For example, when a company decides to split its shares in order to make shares more affordable, it can have a positive effect. This opens the stock to an entirely new subset of the investing public (namely, those who previously couldn't afford even a single share), which can cause a spike in demand that pushes the stock higher. If your broker allows you to trade fractional shares, this isn't a concern, but, for many investors, high-dollar stocks are inaccessible. Stock splits also can convey management's confidence in a stock price, which can trickle down to investors.
What should you expect when stocks split?
There are three key dates investors need to know when it comes to stock splits. They are (in chronological order):
- Announcement date: First, the company will publicly announce the plans for the split, as well as pertinent details investors need to know. This information generally includes the split ratio and when it will happen, including the dates I describe in the next two bullet points.

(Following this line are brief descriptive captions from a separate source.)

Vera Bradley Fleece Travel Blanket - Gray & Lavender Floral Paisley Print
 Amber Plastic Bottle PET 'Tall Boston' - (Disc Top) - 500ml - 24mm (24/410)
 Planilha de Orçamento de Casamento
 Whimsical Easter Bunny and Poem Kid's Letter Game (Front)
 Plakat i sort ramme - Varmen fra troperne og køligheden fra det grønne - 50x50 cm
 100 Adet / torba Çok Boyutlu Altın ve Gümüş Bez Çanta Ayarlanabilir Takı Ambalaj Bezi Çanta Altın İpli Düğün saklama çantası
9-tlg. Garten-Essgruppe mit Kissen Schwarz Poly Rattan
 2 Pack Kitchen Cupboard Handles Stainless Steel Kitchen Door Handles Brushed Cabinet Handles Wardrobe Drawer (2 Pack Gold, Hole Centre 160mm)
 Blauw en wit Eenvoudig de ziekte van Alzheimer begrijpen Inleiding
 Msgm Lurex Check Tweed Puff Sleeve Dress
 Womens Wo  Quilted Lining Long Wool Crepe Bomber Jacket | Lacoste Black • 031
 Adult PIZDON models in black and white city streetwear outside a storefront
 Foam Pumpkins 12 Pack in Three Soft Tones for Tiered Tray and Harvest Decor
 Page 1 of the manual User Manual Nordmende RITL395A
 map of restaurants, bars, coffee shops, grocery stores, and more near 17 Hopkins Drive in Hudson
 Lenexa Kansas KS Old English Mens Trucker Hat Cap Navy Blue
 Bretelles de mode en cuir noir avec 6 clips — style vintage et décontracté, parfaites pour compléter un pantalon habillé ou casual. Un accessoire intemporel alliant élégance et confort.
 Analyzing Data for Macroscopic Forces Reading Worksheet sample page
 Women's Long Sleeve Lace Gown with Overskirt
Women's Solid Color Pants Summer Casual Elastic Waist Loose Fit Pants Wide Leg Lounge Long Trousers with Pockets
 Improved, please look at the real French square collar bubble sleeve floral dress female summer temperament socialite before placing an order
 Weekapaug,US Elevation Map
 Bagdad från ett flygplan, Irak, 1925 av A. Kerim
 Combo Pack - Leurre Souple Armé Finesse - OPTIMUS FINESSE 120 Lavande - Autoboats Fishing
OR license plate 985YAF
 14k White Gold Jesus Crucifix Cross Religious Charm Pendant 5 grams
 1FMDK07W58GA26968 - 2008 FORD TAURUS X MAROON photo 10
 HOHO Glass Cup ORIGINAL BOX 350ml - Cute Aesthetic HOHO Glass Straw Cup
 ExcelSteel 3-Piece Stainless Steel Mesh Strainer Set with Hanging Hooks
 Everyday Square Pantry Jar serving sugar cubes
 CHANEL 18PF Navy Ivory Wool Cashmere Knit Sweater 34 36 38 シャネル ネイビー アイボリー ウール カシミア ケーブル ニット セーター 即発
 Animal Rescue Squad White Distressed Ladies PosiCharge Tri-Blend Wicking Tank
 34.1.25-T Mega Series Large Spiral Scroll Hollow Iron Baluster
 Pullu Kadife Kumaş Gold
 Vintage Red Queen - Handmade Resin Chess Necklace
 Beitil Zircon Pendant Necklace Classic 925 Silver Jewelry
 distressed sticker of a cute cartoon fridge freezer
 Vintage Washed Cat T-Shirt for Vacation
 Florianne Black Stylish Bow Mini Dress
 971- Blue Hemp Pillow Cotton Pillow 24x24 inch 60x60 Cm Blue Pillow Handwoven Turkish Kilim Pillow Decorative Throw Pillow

- Record date: This is an important date when it comes to accounting, but it isn't terribly important for investors to know. The record date is when existing shareholders need to own the stock in order to be eligible to receive new shares created by a stock split. However, if you buy or sell shares between the record date and the effective date, the right to the new shares transfers.
- Effective date: The date when the new shares show up in investors' brokerage accounts and the shares trade on a split-adjusted basis.
This may sound complicated, but it's quite simple in real-world situations. On the morning of the effective date of a stock split, the increased number of shares will appear in your account, and the share price should be adjusted accordingly.